The price might just hold for long enough so that most will continue believing until it is already to late. The price could just hold while Bitcoin is overtaken. Also keep in mind the vast majority of potential capital will not be coming from the Bitcoiners of today but from the masses coming into the ecosystem, the question is where will these new people put their funds. The majority of Bitcoiners might just continue to hold and believe in Core during this process. Like I said before many of them will continue to believe for much longer, even when it is obvious to most what has happened, the folly of arrogance.
Much of my skepticism stems from the idea that after segwit is implemented it will no longer be possible to increase the blocksize again because of certain peculiarities in the code that is being introduced in segwit, which would break if the blocksize was increased again. Someone please correct me if I am wrong since I would gain much more confidence in Bitcoin if that was not the case. That is why now I am seeing that as a point of no return, which is why the recent statement from slush and results of the mining voting is making me think that segwit will be implemented, and I do not want to be a part of such a Bitcoin at all.

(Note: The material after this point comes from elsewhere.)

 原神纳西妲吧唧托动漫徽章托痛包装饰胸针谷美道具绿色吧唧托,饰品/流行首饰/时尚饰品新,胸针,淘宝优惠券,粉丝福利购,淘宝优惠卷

The spinoff/fork differential in price is key; price drop by itself only expresses ambiguous warning that many people will simply take to reinforce their current view.
For Corecoins to diverge in price from what we will want to call bitcoins, there needs to be substantial difference in what people think the values of the two Bitcoin ledger-copies will end up being. Right now too many people continue to think Core will keep things acceptable for the future (including promised timely blocksize increase), so there is not enough difference to motivate an exchange to offer fork or spinoff coin futures. It would still seem just a bit premature when I think about it realistically. This kind of unprecedented maneuver won't happen until things start getting ridiculous.
Think from the position of an investor that is not down in the weeds of this debate like we are. They will simply assume Core's promises are sincere and see no reason to do anything unorthodox like forking or spinning off, and - they may say - even should such a thing be needed, we would like to assume for the time being that it is not.
"I am an old man and have known a great many troubles, but most of them never happened."
- Mark Twain
The conservative position is to assume things will work out with Core and that they are not totally bonkers. "If they do turn out to be totally bonkers, we can adjust when demand rises substantially beyond the capacity they are willing to offer," they will say. And exchanges may say, "In fact how can we really even justify offering an investment product before that happens?"
The darkmarket subreddits provide a reality check whenever the rest of the community goes crazy with worry over this or that. I have never seen even one single commenter complain about Bitcoin transaction delays or fees on those subs, and although a few markets probably accept altcoins I haven't seen anyone complain about, say, Agora not taking anything but Bitcoin. Any questions are about how to tumble and other things unrelated to network issues.
This shows that all this blocksize high alert full blocks / slow confirmations / etc. is future projection in terms of practical effect on real commerce. If the darkmarket subs were saying
anything about this I might be sympathetic to guys like /u/Vibr8gKiwi. But as it stands this is just pure anticipatory angst. Warranted by people like us, yes, and there is also the Fidelity Effect, but that degree of hypothetical growth is not enough to get exchanges setting up something unfamiliar like fork arbitrage via futures trading.
If and when things do get ridiculous, and we do see start to see actual commercial users who don't know shit about Bitcoin complaining and darkmarkets starts switching to altcoins for commerce because of congestion and high fees, then the motivation will be there. Wake me when that happens
(And I see several paths that never even lead to that needing to happen.)
As for Segwit preventing future increases in blocksize...with spinoffs anything is possible. To think that Segwit could prevent something in Bitcoin proper would seem to conflate Bitcoin the ledger with Core the protocol that happens to be what most people are using to update the ledger now. The only thing that needs to stay intact for Bitcoin to continue is the record of the keypairs and their balances (the ledger itself).